After a constant diet of doom-laden scaremongery for the past three years, it’s strange to see a major newspaper report that the IMF are now extolling the virtues of hugely resurgent growth in the UK economy. So much so that Independent GB Ltd will make the Eurozone look like a grubby corner shop. Even ‘business’ group the CBI – not known for their pro-leave stance – had to announce that optimism in British factories has gone from -44 in October to +23 in January, reaching its highest level since 2014. I wonder what event could have precipitated this turnaround? So at last we can say ‘get lost’ in 27 languages to all the remoaners and their tedious, Armageddon-flavoured tirades that we had to suffer before the Election.
Either this is fairy dust and unicorn juice, or the UK’s economic outlook is so bright that we’ll all need shades.
But however thinly you slice it, this is good news for the newly-Brexited Independent GB. It will bring in its wake a plethora of money heading towards our shores. Astute international investors can clean up on the last vestiges of cheap Sterling and help themselves to the many opportunities offered by this country.
Paradoxically, we have to extend heartfelt thanks to the Ginger Dunce and his, er, socially-ambitious wife. The antics of these ex-Royal nonentities have given the media something else to feast on instead of the neurotic hysteria surrounding Brexit. Bizarre as it may be, this pseudo-abdication crisis has given us some much-needed light relief.
Following the unexpected landslide electoral victory, maybe we should rebrand the period before December 12, 2019 ‘AD’ (or The Dark Ages Mk. 2) and the period afterwards ‘BC’ since this proto-‘Enlightenment’ has had such an effect on confidence.
What does it mean for the Residential Property Market?
For a start, enquiries have noticeably picked up from potential buyers (and a few sellers), which is very welcome indeed.
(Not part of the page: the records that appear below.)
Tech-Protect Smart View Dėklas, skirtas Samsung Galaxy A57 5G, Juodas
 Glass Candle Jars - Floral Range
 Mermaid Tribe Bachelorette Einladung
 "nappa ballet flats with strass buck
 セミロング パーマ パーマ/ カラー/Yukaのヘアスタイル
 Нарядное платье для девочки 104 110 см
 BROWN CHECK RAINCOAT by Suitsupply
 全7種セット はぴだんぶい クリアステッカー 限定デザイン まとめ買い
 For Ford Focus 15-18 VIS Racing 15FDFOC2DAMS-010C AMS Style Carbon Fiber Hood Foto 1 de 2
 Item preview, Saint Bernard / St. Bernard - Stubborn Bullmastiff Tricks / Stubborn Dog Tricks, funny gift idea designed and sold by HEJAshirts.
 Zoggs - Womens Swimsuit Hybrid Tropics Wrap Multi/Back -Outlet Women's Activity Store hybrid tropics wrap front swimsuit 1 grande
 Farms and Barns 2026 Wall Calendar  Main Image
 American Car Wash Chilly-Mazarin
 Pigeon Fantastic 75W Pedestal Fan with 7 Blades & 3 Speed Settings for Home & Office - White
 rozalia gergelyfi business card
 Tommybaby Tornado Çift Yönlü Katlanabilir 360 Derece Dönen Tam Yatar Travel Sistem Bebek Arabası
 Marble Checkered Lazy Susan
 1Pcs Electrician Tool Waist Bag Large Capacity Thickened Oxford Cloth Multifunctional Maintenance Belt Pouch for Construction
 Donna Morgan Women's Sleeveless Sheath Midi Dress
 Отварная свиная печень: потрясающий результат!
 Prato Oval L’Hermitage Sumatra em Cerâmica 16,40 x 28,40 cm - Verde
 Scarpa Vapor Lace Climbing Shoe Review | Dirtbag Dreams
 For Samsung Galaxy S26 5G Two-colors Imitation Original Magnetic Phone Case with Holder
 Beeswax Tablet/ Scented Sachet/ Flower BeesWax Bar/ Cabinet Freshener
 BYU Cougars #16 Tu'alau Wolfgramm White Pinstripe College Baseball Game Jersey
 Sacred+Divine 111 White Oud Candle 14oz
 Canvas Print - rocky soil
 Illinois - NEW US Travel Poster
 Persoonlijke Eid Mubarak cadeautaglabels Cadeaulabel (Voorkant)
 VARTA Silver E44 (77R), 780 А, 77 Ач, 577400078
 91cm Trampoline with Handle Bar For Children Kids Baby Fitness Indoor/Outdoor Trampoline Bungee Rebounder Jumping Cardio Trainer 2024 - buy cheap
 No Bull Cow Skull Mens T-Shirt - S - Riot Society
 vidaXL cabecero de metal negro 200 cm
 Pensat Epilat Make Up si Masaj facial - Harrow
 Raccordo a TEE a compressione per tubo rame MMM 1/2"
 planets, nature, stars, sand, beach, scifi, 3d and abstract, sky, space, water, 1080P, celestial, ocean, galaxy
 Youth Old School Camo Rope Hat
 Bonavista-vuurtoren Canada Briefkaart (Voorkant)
The UK is way ahead of most of the torpid western economies, particularly in Europe, which flails around in a mire of its own making. We can celebrate historic low unemployment, low inflation, low interest rates and borrowing costs. With capital markets scaling new heights, we should be uncorking something effervescent.
In my 45 years of trading, I haven’t seen such an optimistic economic and political outlook for a long time.
Regarding values, it looks like a one-way bet almost across the board.
Stock shortages still exist in the £1million to £3million range and with the push of demand, I can see values rising faster in this sector than anywhere else. Buyers who can’t find what they want could always rent until the market evens out – I hear there’s a very nice cottage available in Windsor Great Park…
Conversely, there’s a stock overhang of unsold property in the £5million to £10million sector and this will need to be absorbed by demand before any growth in values.
This scenario tends to bring about a situation where sellers recover their confidence very quickly – sometimes too quickly. This raises their expectations of value beyond the willingness of buyers to pay and this too could hold back transactions.
The spectre of Stamp Duty
Another factor which restrains demand is the spectre of Stamp Duty, since it has withdrawn seven out of ten prospective purchasers from the fray, leaving just the ‘hard-nosed, have to buy’ applicants.
While none of us want a runaway residential property market, its expansion exerts huge influence on retail spending and the growth of the consumer-led economy.
It’s imperative that Sajid Javid uses the March Budget to rugby-tackle Stamp Duty to the ground. The idiot-legacy of this tax has crimped the middle to upper ranges of the housing market over the past two years. As always with anything that hasn’t heard of the Laffer Curve, this ridiculous idea has deprived the Treasury of over £1billion of tax. I’ll leave it to you to calculate how many hospitals could be built for this humungous amount of money.
Although we’re in the middle of the melancholy January blues, incoming calls for our business have increased by some 25%. This bodes well for a surge of tangible transactions during the year.
It also vindicates those brave souls who saw through the frenzied remoaner screeching, particularly that of the BBC. Remember when every piece of positive economic news was prefaced (i.e., undermined) by the ominous phrase “Despite Brexit”?
So the record sale of Rutland Gate in Knightsbridge for some £200million is perfectly logical. If you’re a Chinese oligarch who’s managed to extract their money from ruling party clutches, the London property market is the best place to go shopping. Especially if your budget is nearly the size of the Marshall Islands’ entire GDP.
It’s the season where bargain hunters are queuing up for deals, snaffling around for the last crumbs of the previous bear market. Their feeling is that as we continue our ‘conscious uncoupling’ from our toxic, federal ex-partner, sellers may stand firm with regard to value. To those in pursuit of trophies I say, “Good on you”.